### DATA SHOWN
::::::
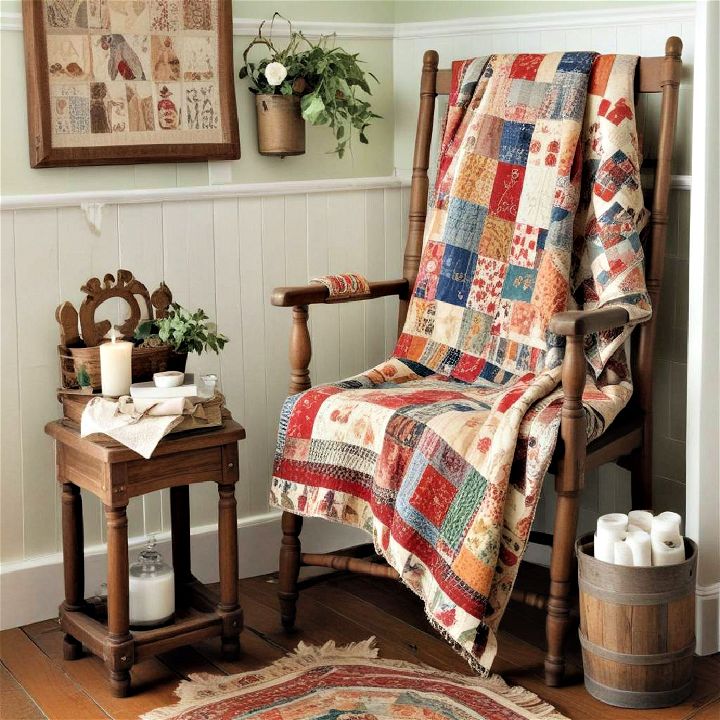 handmade patchwork quilts over a chair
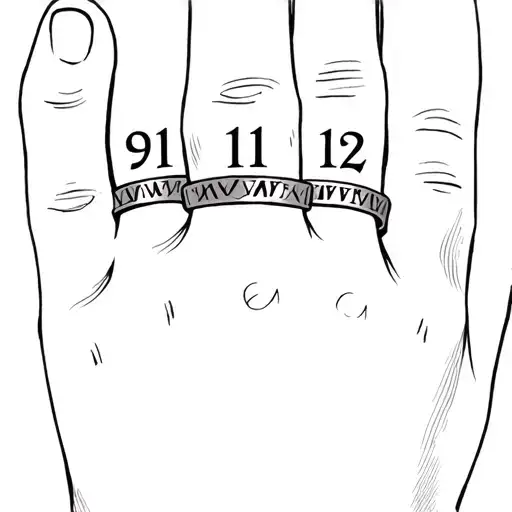 Roman Numeral Dates 9 11 12 On A Ring Finger
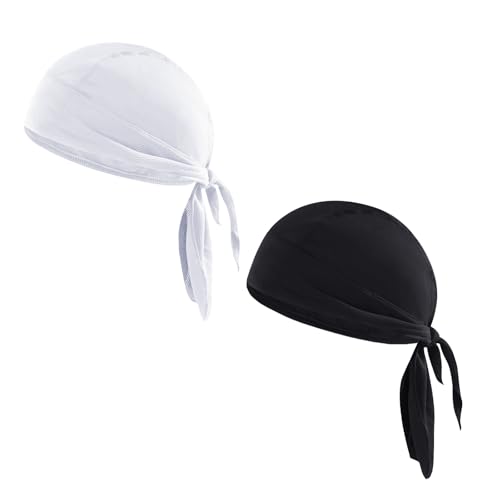 PURFUN Men Women Breathable Cycling Bandana Headscarf Adjustable Sweat Wicking Quick Dry Mesh Head Scarf Wrap Liner Skull Cap - color: 2pcs/White+black
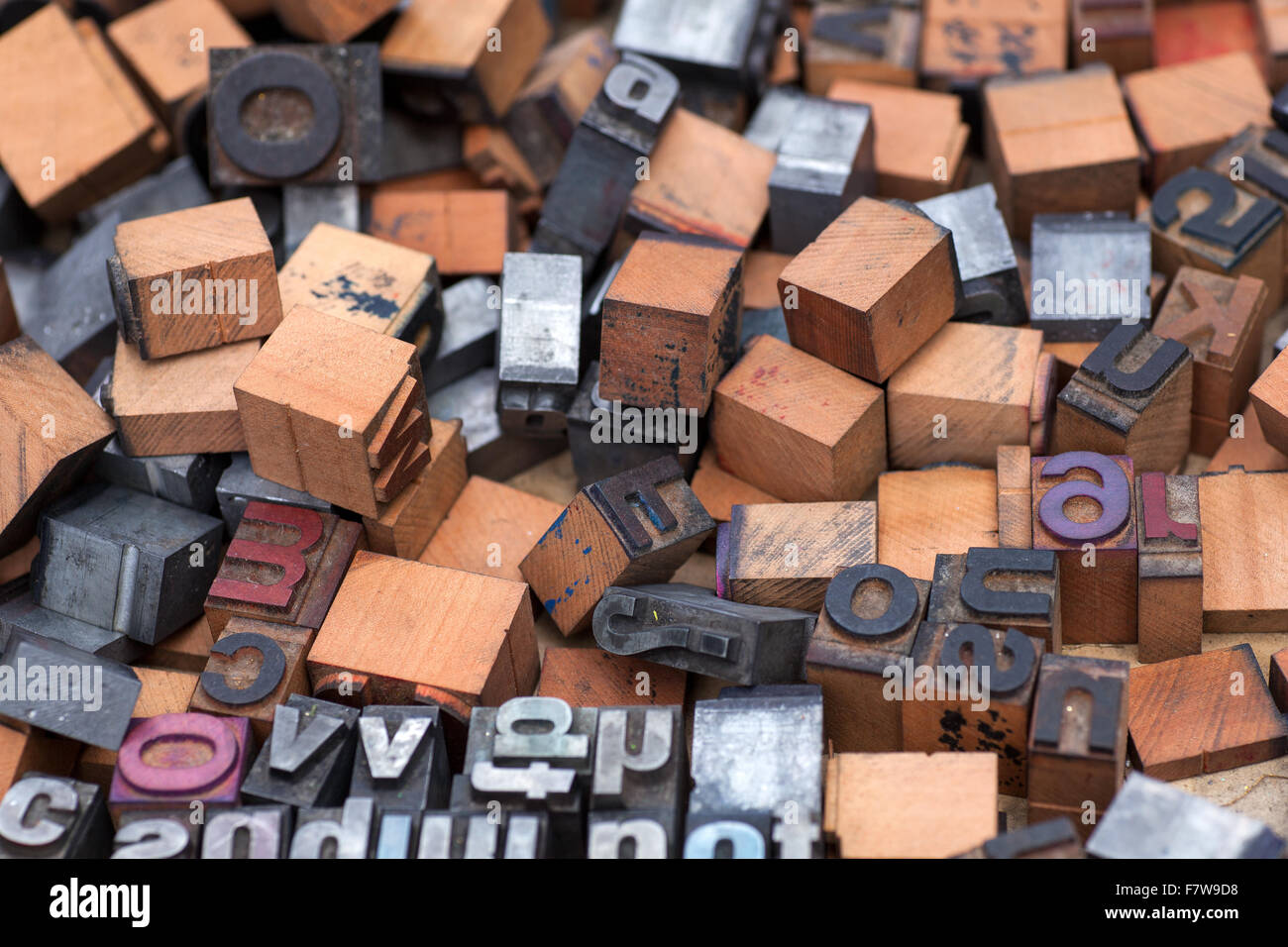 A lot of alphabet stamp, Block letters Stock Photo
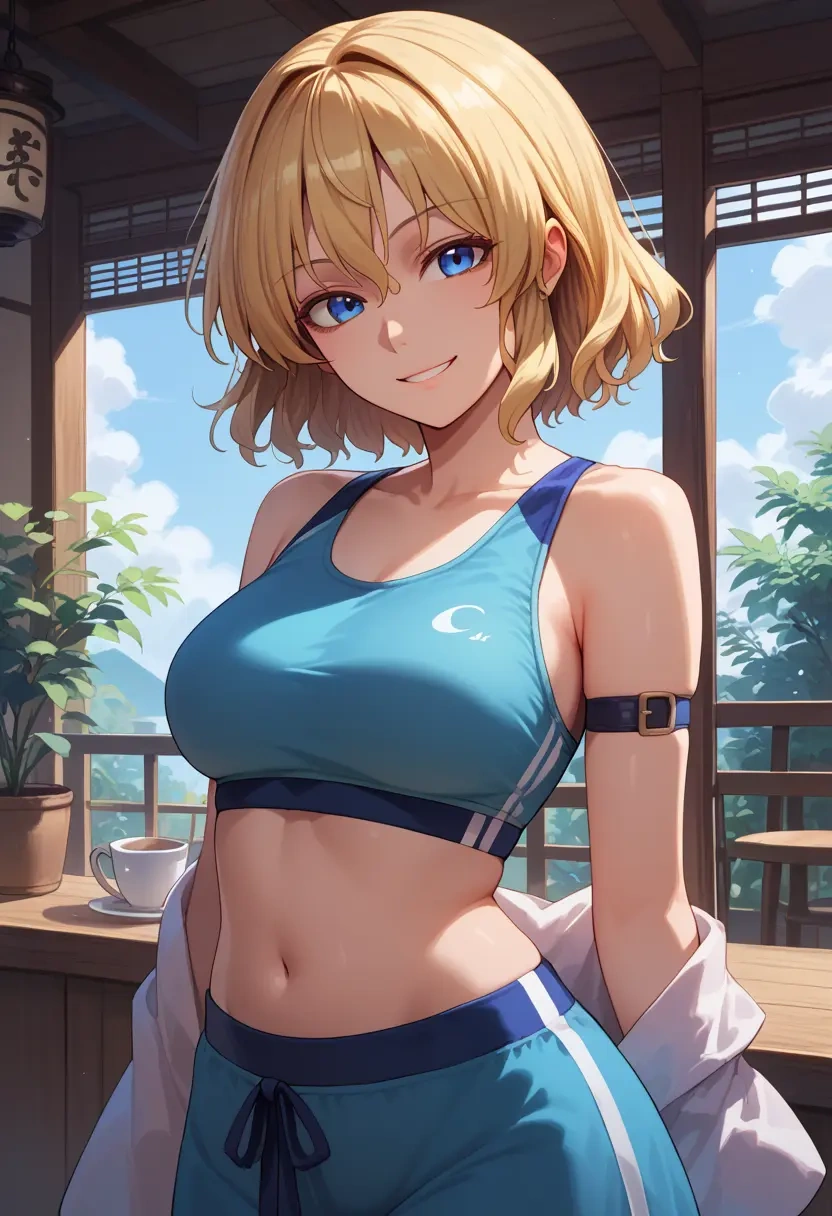 touhou,pyonta,sports bra,wide-leg joggers  - 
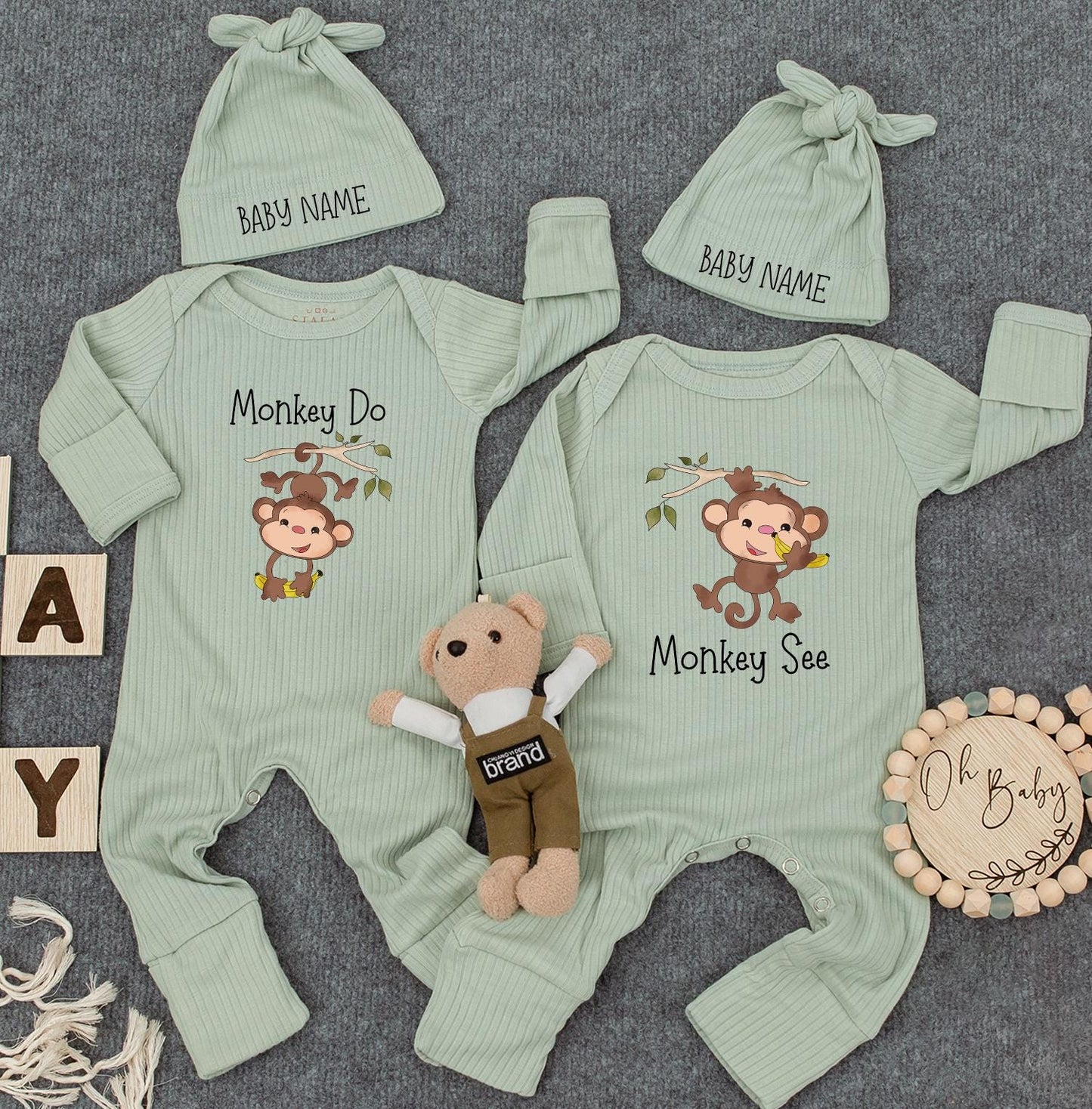 Monkey See Monkey Do Twin Bodysuit Set Cute Jungle Theme Matching Newborn Outfit Perfect Baby Shower Gift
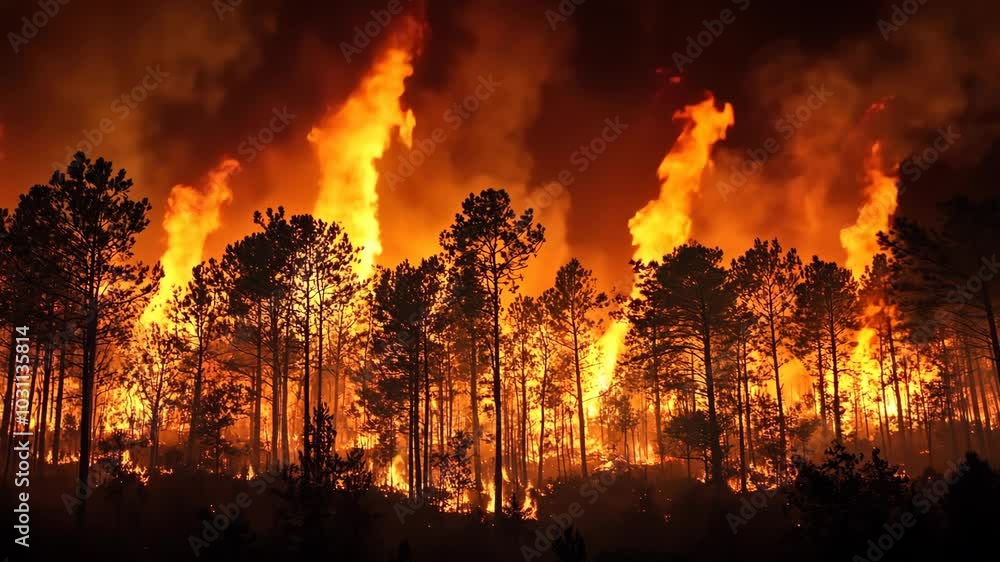 Tall flames engulf the trees in a wildfire at night Tall flames engulf the trees in a wildfire at night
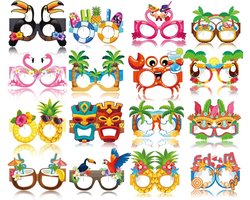 Inovra Plus - Papieren brillen 32 stuks voor strandfeesten - Hawaï zonnebril - tropische papieren bril - zwembad en strand decoratie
::::::
### PROBLEM TO WORK ON
Transcribe every line from the records above without alteration, and leave out the images.

### OUTPUT
 handmade patchwork quilts over a chair
 Roman Numeral Dates 9 11 12 On A Ring Finger
 PURFUN Men Women Breathable Cycling Bandana Headscarf Adjustable Sweat Wicking Quick Dry Mesh Head Scarf Wrap Liner Skull Cap - color: 2pcs/White+black
 A lot of alphabet stamp, Block letters Stock Photo
 touhou,pyonta,sports bra,wide-leg joggers  - 
 Monkey See Monkey Do Twin Bodysuit Set Cute Jungle Theme Matching Newborn Outfit Perfect Baby Shower Gift
 Tall flames engulf the trees in a wildfire at night Tall flames engulf the trees in a wildfire at night
 Inovra Plus - Papieren brillen 32 stuks voor strandfeesten - Hawaï zonnebril - tropische papieren bril - zwembad en strand decoratie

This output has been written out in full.